I've just finished scoring a comedian movie and guess what, we have 3 other composers doing the same music for this film just because we have 15 days to complete the whole score. I already knew that this comedy movie music is gonna sound all over the place, disjointed and the music director confirmed it hahaha. 

Worst part is, the music director told me that one of the music cues i did was cut to another scene just because it fits the beginning of the scene and then jointed into the next potion of scene of my music cue. I was very very upset but you know what, i let it pass. Why? Because that what the "movie director" wants and at the end of the day, i earn his money and if any one asked me why the music is so badly cut, i'll just point the finger to the movie director for bad music sense. 

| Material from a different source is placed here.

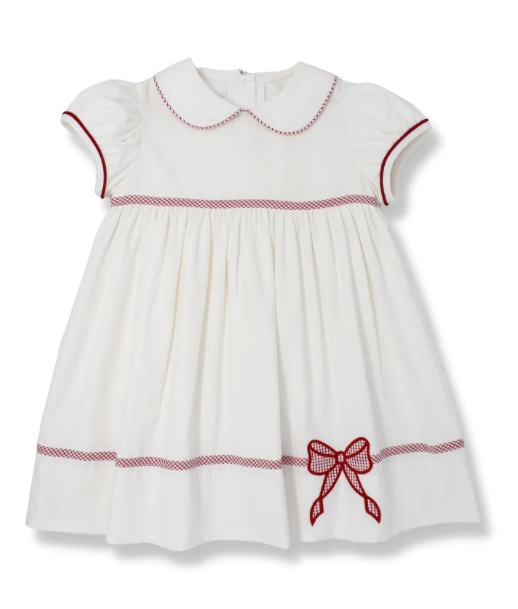 Audrey Dress | White/Red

As you said this is your first paying gig. In my humble opinion, my suggestion is to bite the bullet and finish up your music cues. Earn his money, get your name out there and you will have more jobs coming in. 

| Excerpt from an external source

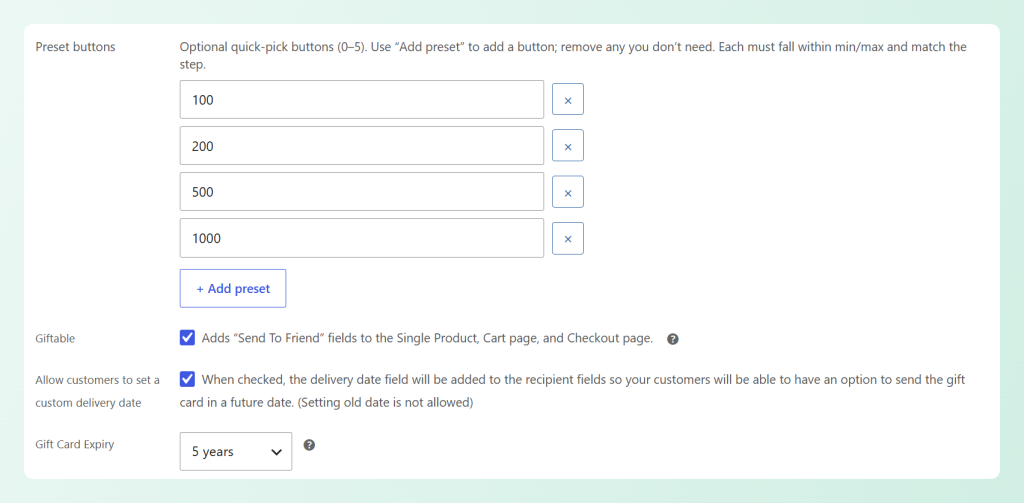 Preset button settings with giftable and custom delivery date options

But then again, it's up to you to pull out if you really feel that you need to.


----------



## Simon Ravn (Sep 1, 2014)

I have experienced quite a few weird and disturbing stuff going on between me, the director, the producer, the editors etc. that I have gotten used to it, and just accept that this is the way it is gonna be if I want to work in this business (the film one). 

I also have good and inspiring experiences - it really all depends on how the director and producer works and how comfortable and strongly they feel about their vision (if they have one). Usually, as pointed out by others already, the bad communication is spawned by the director/producer being insecure and not really knowing what they want/expect from you - and just as importantly, not being able to communicate it (which there can be a number of reasons for).

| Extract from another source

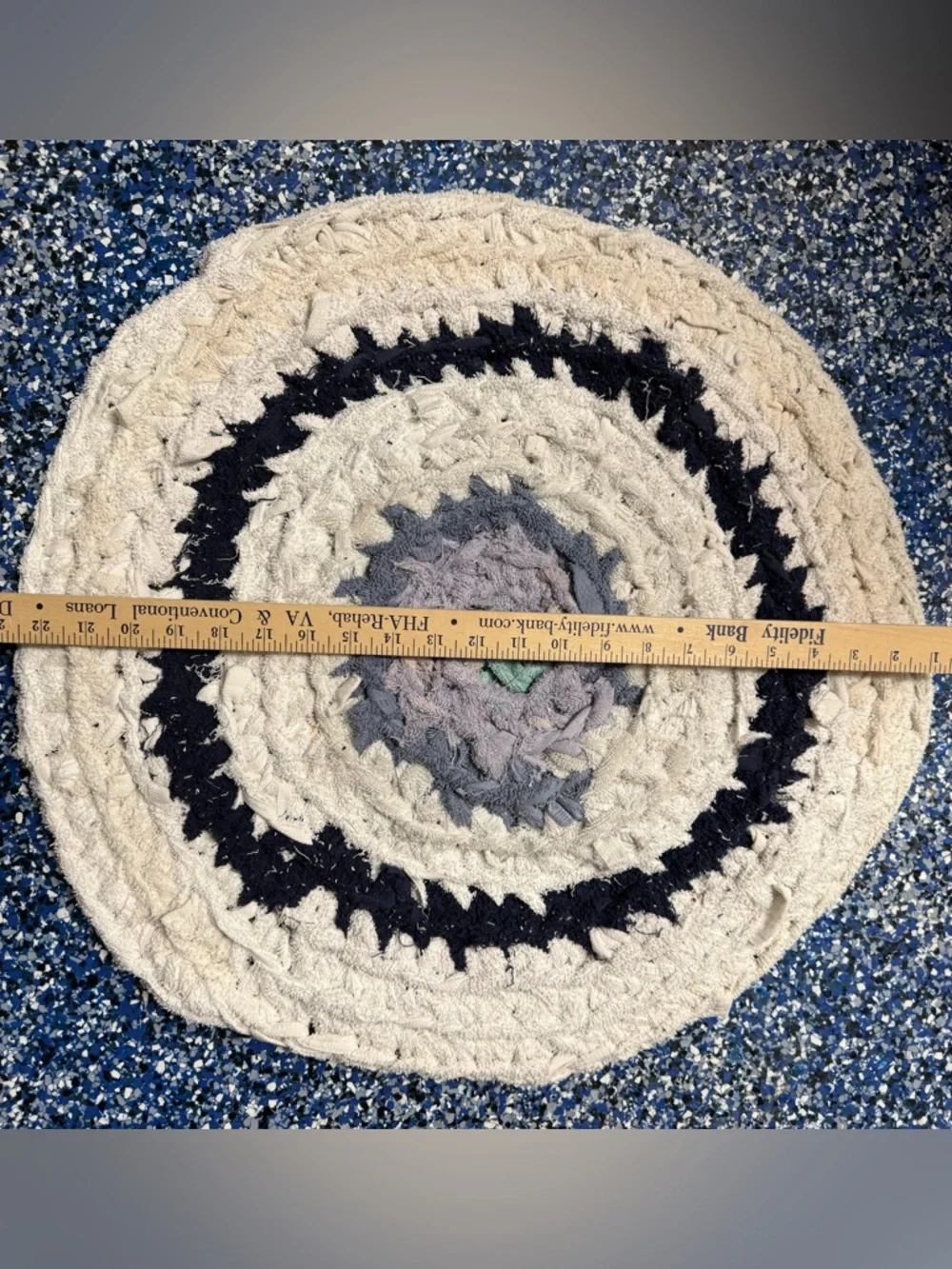 Handmade crocheted rag rug bathroom mat repurposed old towels Recycled 22.5”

Basically, I have just decided to live with it - sometimes you end up with an "artistically embarrassing result", but the money is good, sometimes it is the opposite. So you have to decide how much you do this for the art and how much you do it for the business, and for staying in the business. 

Remember, even bad experiences can lead to good experiences later in your carreer - don't underestimate the effect your reputation can have upon getting gigs later on. If you get a reputation (possibly wrongfully) of being difficult to work with, it may very well affect whether or not you will have a carreer at all in the future.


----------



## Tatu (Sep 1, 2014)

He's probably just paying either one of you significantly less (or more) and doesn't want you to accidentally discuss about it. Getting offended is a great way to avoid any further discussion about getting in touch with the other guy. 8) 

What ever the reason, a dick move from him.

I think that you did the right thing, when you expressed your concern about another composer; after all, you were hired first and the music is your responsibility.


----------



## MichaelL (Sep 1, 2014)

Jimbo 88 @ Sun Aug 31 said:


> Welcome to the world of film making. This is how some people operate.




Maybe the new world of film making. I've worked with many directors / producers over the years. 

The closest that I came to that kind of situation was where the director hired me and the producer had a friend that he wanted to hire. We both did the music in vastly different styles, because the director and the producer couldn't agree on what was appropriate. 

Do you mind my asking...is this a serious production that will see the light of day, i.e., well funded by a studio or production company, or is this a guy "making a film?"
Are you getting paid well, or are you getting "exposure?"


----------



## KEnK (Sep 1, 2014)

I just want to add I had a situation that was almost identical to this one.
My choice was to not express what I felt about it and just proceed.

So I'm really happy to see virtually all my fellow composers
agree that this guy is both unprofessional and a jerk.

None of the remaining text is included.